Foothill Music Theatre has fun with ‘Mystery of Edwin Drood’
Foothill Music Theatre takes its audience back to the 1890s when music halls were a major source of entertainment in England.
The result is an entertaining evening of theater with FMT’s production of “The Mystery of Edwin Drood.”
Rupert Holmes, who wrote the music, lyrics and book, based this musical on a novel by Charles Dickens, who died before completing it. Instead, Holmes asks the audience to decide some key questions.
Under the astute direction of Milissa Carey, this excellent cast of students and seasoned performers creates a mix of characters from the ingénue to a gravedigger, opium den operator and some seemingly more respectable people whose actions come under suspicion.

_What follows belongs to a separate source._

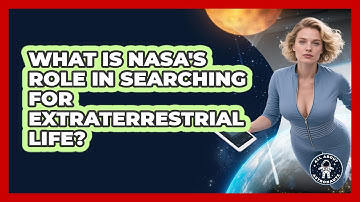 What Is NASA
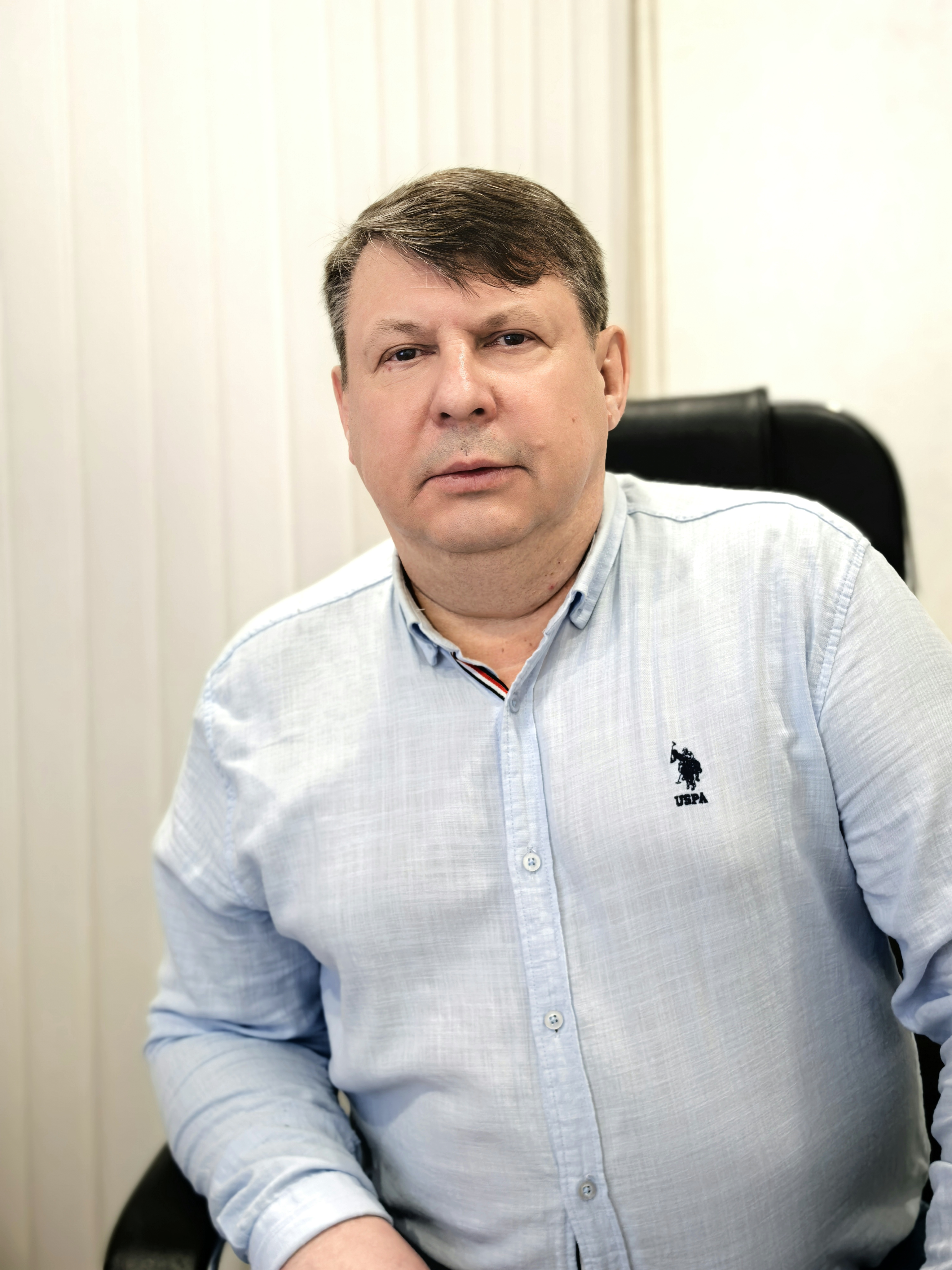 Директор клиники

Before the show starts, the costumed actors mingle with and chat with the audience. All of them implore the audience to boo John Jasper (Benjamin Ball), whenever he appears.
Scenes and characters are introduced by the Chairman (John Mannion).

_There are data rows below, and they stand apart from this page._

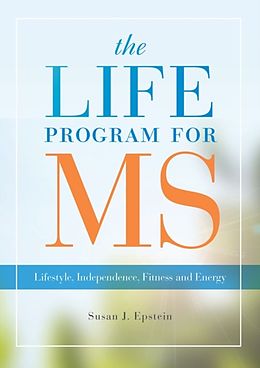 E-Book (epub) LIFE Program for MS von Susan J Epstein
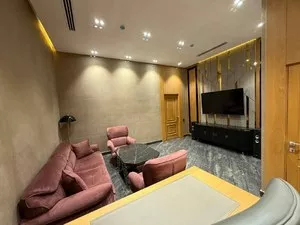 Коммерческое помещение в ЖК Parkwood, 178 м2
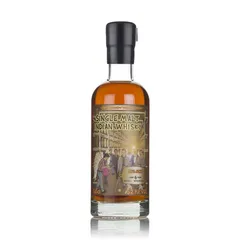 Paul John 6 Year Old (That Boutique-y Whisky Company)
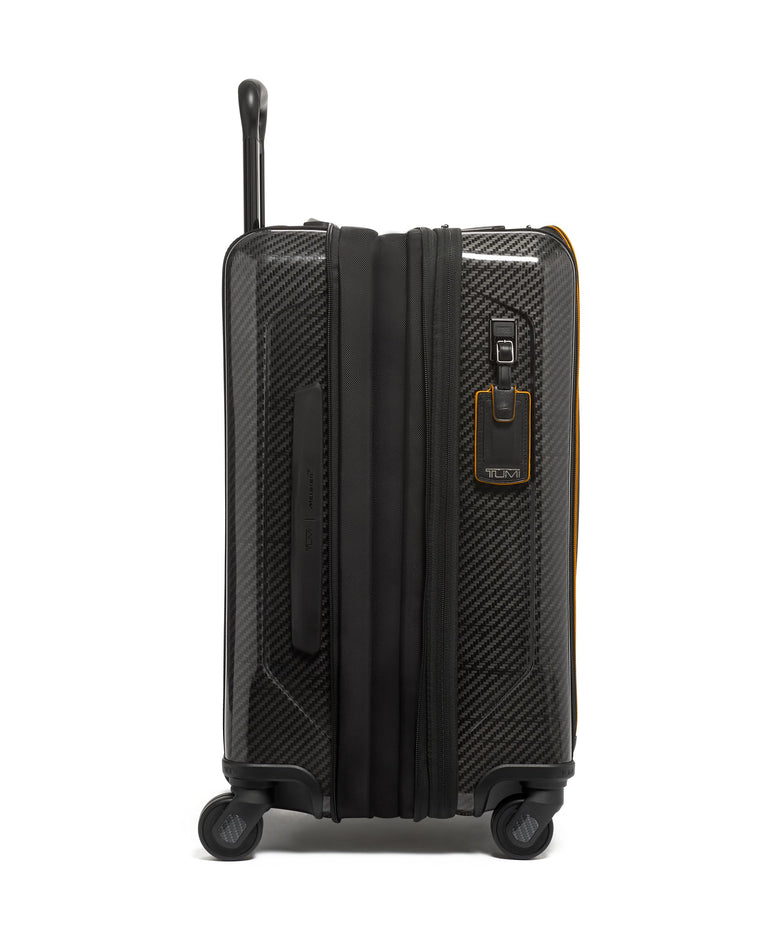 Tumi TUMI I McLaren Aero Dual Access Expandable Carry-On Luggage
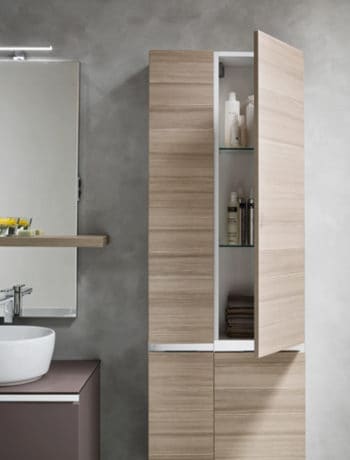 Комплект мебели 48 Arcom E.gò STARC70 - Вид №29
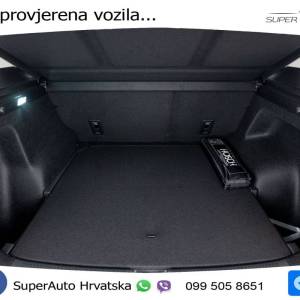 MGS 5 EV Standard Range Comfort 170 KS, ACC+KAM+GR SJED+VIRT+NAVI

Jasper is the uncle of the title character, played by a woman, Chloë Angst, as called for in Holmes’ script. Jasper also is the music teacher secretly in love with the lovely Rosa Bud (Brenna Sammon), who’s engaged to Edwin.
Rosa, an orphan, is under the care of the Rev. Mr. Crisparkle (Aaron Hurley). Soon he welcomes an exotic brother and sister from Ceylon, Helena (Rachelle Abbey) and Neville (David Murphy) Landless. The volatile Neville is immediately smitten by Rosa.
Completing the cast of principals is Heather Orth as Princess Puffer, a fallen woman who runs the opium den frequented by Jasper; and Linda Piccone as Durdles, a drunken gravedigger.
When Edwin disappears while on a Christmas Eve walk, suspicion falls on Neville, who was with Edwin. However, when Edwin hasn’t turned up after six months, others are suspected.
In the meantime, several people investigate his disappearance. They include the mysterious Dick Datchery, whose real identity is apparently unknown.
It’s up to the audience to vote on who among seven suspects is the culprit in Drood’s disappearance, as well as the identity of Datchery and the ideal romantic couple.
The ending varies according to the votes, so the actors must be prepared for several contingencies, but not as many as one might think at first.
All of the principals sing well, especially Angst as Edwin, Sammon as Rosa and Orth as Princess Puffer.
The entire large cast is energetic and engaging, seeming to enjoy everything as much as the audience does.
Aiding in the production’s success is the small orchestra led by music director Amanda Ku and the choreography by Kayvon Kordestani.
Julie Engelbrecht’s period costumes are especially impressive. The set is by Carlos Aceves, who also did the projections. Lighting is by Pamila Gray and sound by Andrew Heller.
Running about two hours and 20 minutes with one intermission, “The Mystery of Edwin Drood” isn’t great theater, but this production sure is great fun.
It will continue through March 15 in Foothill College’s Lohman Theatre, 12345 El Monte Road, Los Altos Hills.